Cheers to The Choir of Man in Melbourne

Choir of Man Melbourne

The Choir of Man’s highly anticipated debut on January 5 at Arts Centre Melbourne hints at a sensational run, building on the production’s previous success in London’s esteemed West End.

The show invites audiences to step into “The Jungle”, a captivating local haunt that becomes your own for the night, resembling that of a traditional British pub complete with saloon doors and a working timber bar to enjoy a pint with the cast before taking your seat.

Created by Nic Doodson and Andrew Kay, The Choir of Man serenades audiences with a stellar soundtrack of pub anthems, rock classics and pop hits; from Guns N’ Roses and Paul Simon, to Katy Perry and Adele.

Throughout the course of the night, you’ll get to know each member of the nine-bloke choir, and soon realise that the show is about more than just song and beer.

“A big part of the show is finding the extraordinary in the ordinary,” Rob Godfrey said, who plays the character of the Beast.

“You go to most shows and they’re fantastical stories celebrating these extraordinary feats, but this is just people in a pub having fun – that’s ordinary, but there’s something extraordinary that comes from that.”

Although the Beast “looks like the kind of guy you wouldn’t want to mess with”, as the show goes on, audiences soon discover that beneath his tough exterior lies a “complete softy”.

“When I did the audition, they read out the description of the Beast and it was annoyingly accurate – I don’t have to act, I'm as soft as anything,” he said.

Not only is there no need for the cast to don their characters, but it’s clear that the enthusiasm and excitement in their performance is also genuine.

“No one’s faking it,” Mr Godfrey told Southbank News.

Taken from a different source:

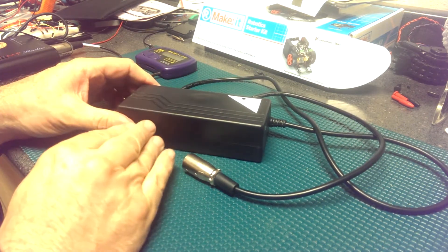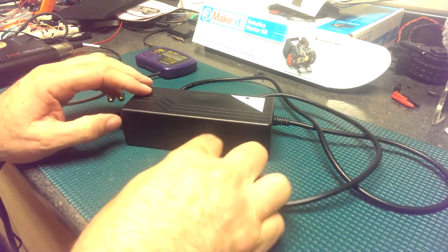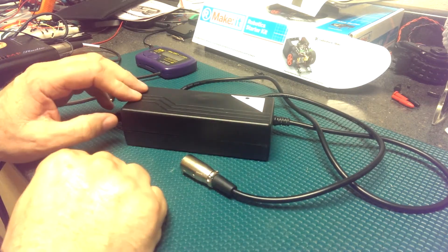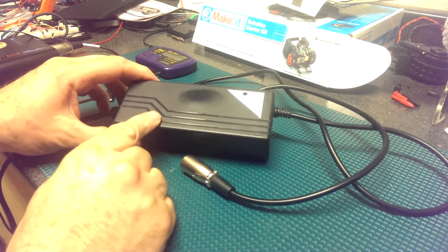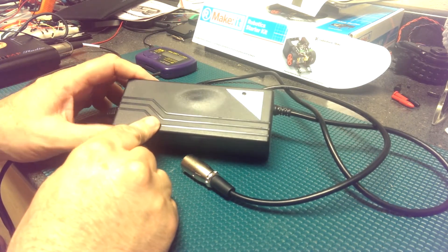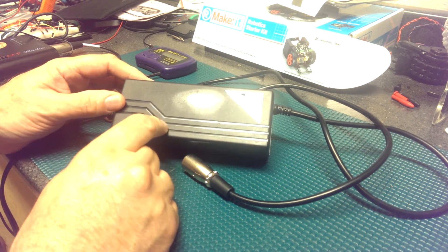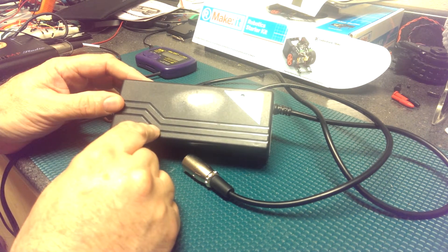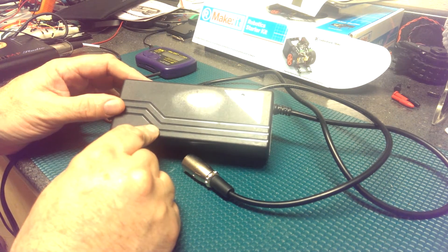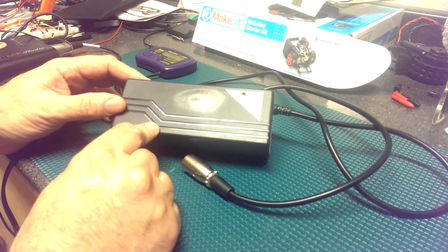This leads me to believe that without even checking the voltage that this unit got hot, probably took too much current and burned itself out.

“It does genuinely feel like when we’re doing it that there’s not really much acting involved – you get up on the stage and just have fun, and it feels like we’re just going out together every night.”

When asked what makes The Choir of Man unique to other musical offerings, Mr Godfrey says that the level of audience participation is “different from a lot of other shows”, keeping things “alive and fresh” for the cast each night.

“When you invite an audience member on stage and make them a huge part of the show, anything could happen – it keeps it exciting for us because some of the reactions we get make it really hard to sing through and try not to laugh.”

While singing The Voice by John Farnham has undeniably been one of the cast’s favourite songs to perform in Australia so far, Mr Godfrey said that their acapella performance of Sia’s Chandlier was a “special moment” for him.

“You’ve been running around, jumping off tables and singing these loud songs, but then we can lock in as a choir and it’s sort of a moment just for us, it’s an amazing feeling,” he said.

In addition to being an infectiously fun and immersive night-out, the show also touches on topics such as men’s mental health and the importance of celebrating community and togetherness.

“There’s some really beautiful speeches about pubs and what they mean to us, but I think sometimes you have all the excitement of the music and then maybe not digest the words,” Mr Godfrey said.

“The speeches written by Ben Norris are absolutely stunning, they really do resonate with people when you touch into it.”

The Choir of Man will run at Arts Centre Melbourne until February 11.